----- COLLECTED MATERIAL

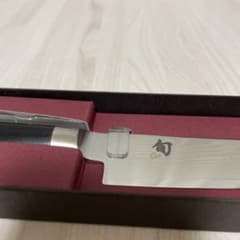 【最高峰】旬 Shun 三徳包丁 ダマスカス鋼 貝印 専用箱付き 新品未使用【最高峰】旬 Shun 三徳包丁 ダマスカス鋼 貝印 専用箱付き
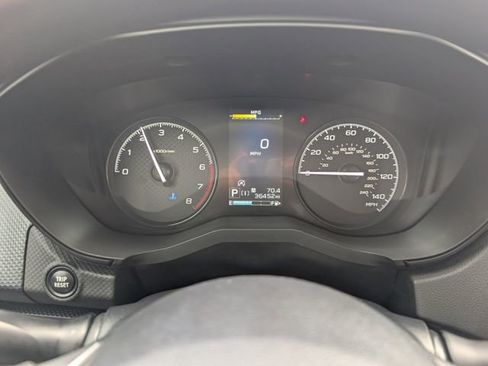 Used 2024 Subaru Forester AWD/4WD image 15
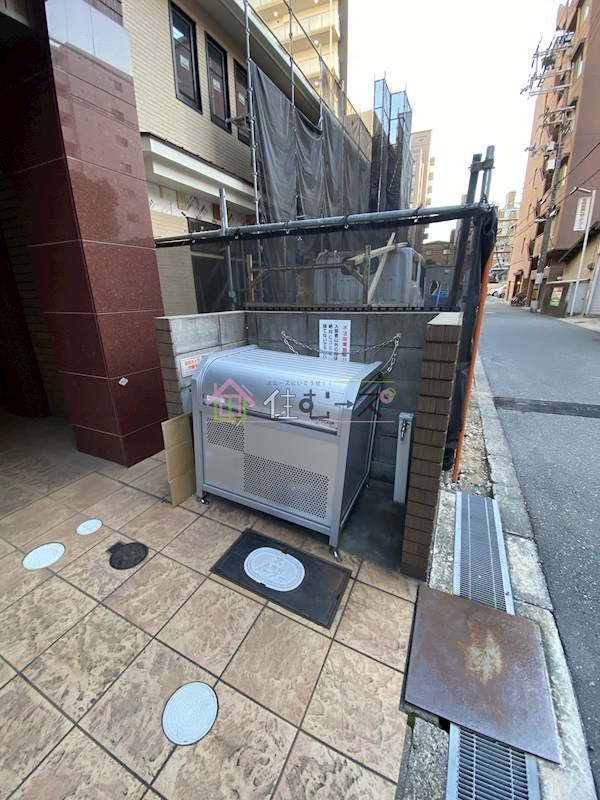 プライムコート東三国 その他外観5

----------

ABOUT THIS TASK: Output precisely the lines in the material above from the line containing "Used 2024 Subaru Forester AWD/4WD image 15" through its last line, and omit pictures.

EXPECTED OUTPUT:
 Used 2024 Subaru Forester AWD/4WD image 15
 プライムコート東三国 その他外観5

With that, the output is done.